Individual study results and the overall summary results for the five case–control and ten cohort studies of insulin treatment and cancer are shown in Fig. 2. Six of ten cohort studies found a statistically significant positive association between insulin treatment and cancer (range of individual RRs, 1.19–3.87); the summary RR (95 % CI) for all ten cohort studies combined was 1.28 (1.03, 1.59). Heterogeneity among studies was significant (I 2 = 88.1; P heterogeneity <0.001). In a sensitivity analysis excluding one study at a time, we consistently found a statistically significant positive association between insulin use and cancer (range of summary RRs, 1.68–1.97). The cohort study by Yang et al. [10], Hemkens et al. [11], Jonasson et al. [25], and Campbell et al. [15] contributed most to heterogeneity. In an analysis excluding these studies, the association between insulin and cancer became stronger [summary RR (95 % CI) = 1.80 (1.43, 2.26)], and the test for heterogeneity was not statistically significant (I 2 = 54.2 %; P heterogeneity = 0.053).

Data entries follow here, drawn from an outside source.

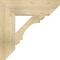 Ekena Millwork Olympic Slat Rough Sawn Bracket, Douglas Fir, 6"W x 24"D x 24"H BKT06X24X24OLY06RDF - alternate 3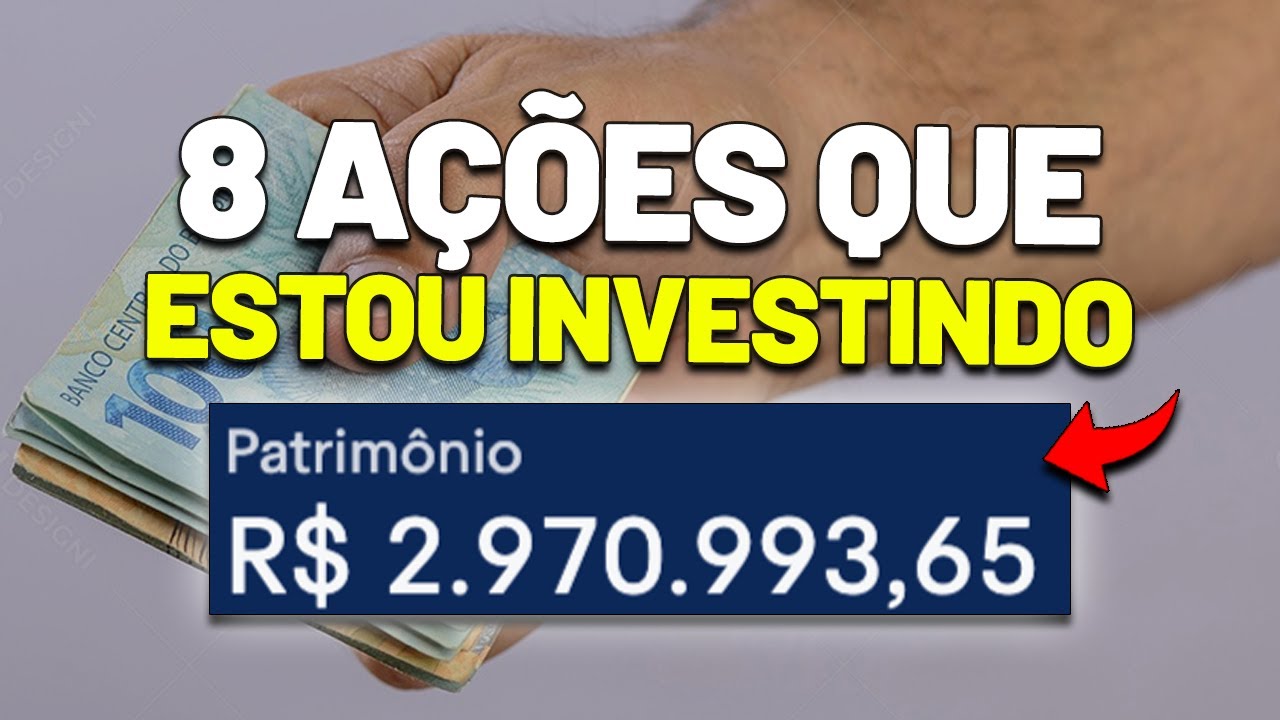 CARTEIRA do CANAL: 8 AÇÕES QUE EU ESTOU INVESTINDO HOJE | CARTEIRA DE DIVIDENDOS
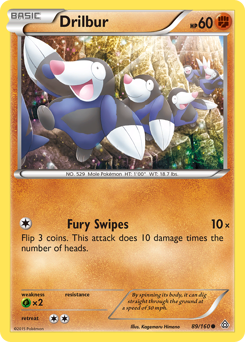 Pokemon Primal Clash Drilbur - 89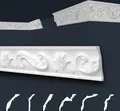 Marbet Deckenleisten weiß Sparpaket aus Styropor EPS - Stuckleisten gemustert, im traditionellen Design - (68 Meter B-51) Zierleiste Eckleiste Eckprofile Stuck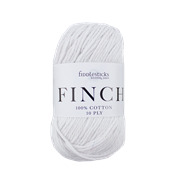 FIDDLESTICKS Finch Cotton Yarn-White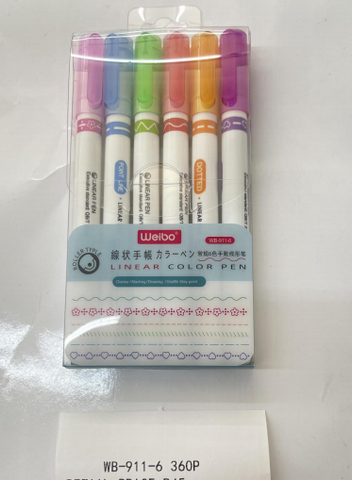 Linear Color Pen WB9116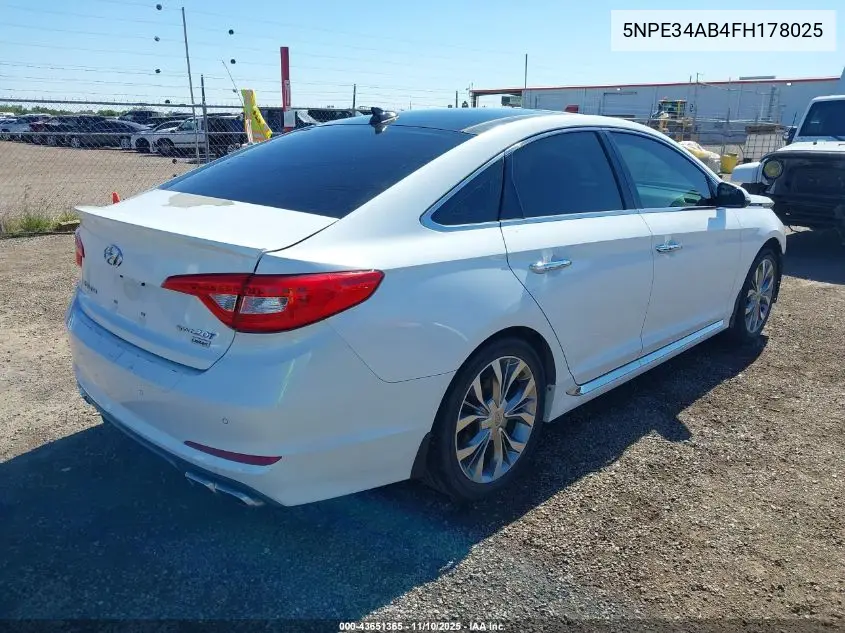 5NPE34AB4FH178025 2015 Hyundai Sonata Limited 2.0T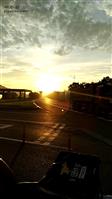 朝阳社区 霞光如此美丽，就在蒲戴线，斜对面高铁🚅 桥运载着速度、激情、幸福！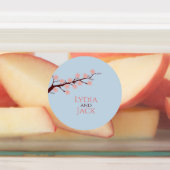 Cherry Blossom Themed Wedding Stickers Etiketten (Befestigt)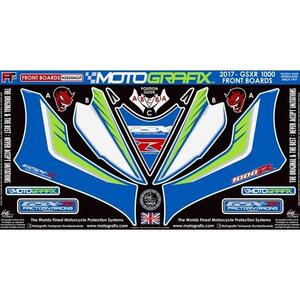 モトグラフィックス 4580041223256 MT-NS024MGP ボディーパッド FRONT MGP GSX-R1000／R 17／18 新品送料込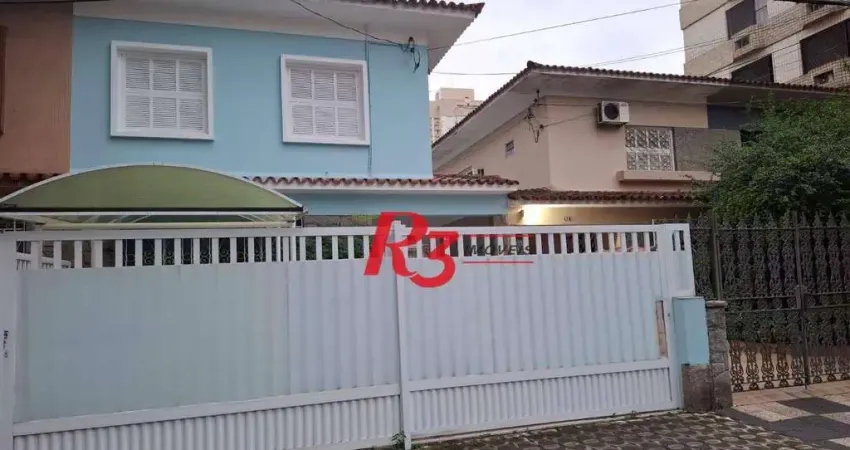 Sobrado com 3 dormitórios, 150 m² - venda por r$ 2.200.000,00 ou aluguel por r$ 7.300,01/mês - boqueirão - santos/sp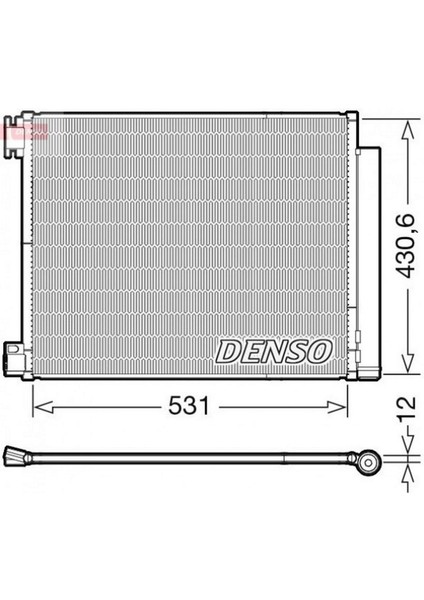 Mtxdpn Klima Radyatörü Kondanser Renault Megane Iv 16 Talisman 15 Grand Sc Nic Iv 16 1.2 Tce 1.3 Tce 1.5dci 1.6dci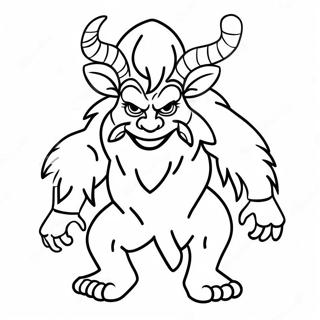 Krampus Páginas Para Colorear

One of five case–control studies found a statistically significant positive association between insulin treatment and cancer incidence (RR 4.99); the summary RR (95 % CI) for all five case–control studies combined was 1.83 (0.99, 3.38). Heterogeneity among studies was significant (I 2 = 74.7; P heterogeneity < 0.01). The case–control study by Li et al. [9] contributed most to heterogeneity. In an analysis excluding this study, the association between insulin and cancer became weaker [summary RR (95 % CI) = 1.29 (0.94, 1.79)], and the test for heterogeneity was not statistically significant (I 2 = 0.0 %; P heterogeneity = 0.44).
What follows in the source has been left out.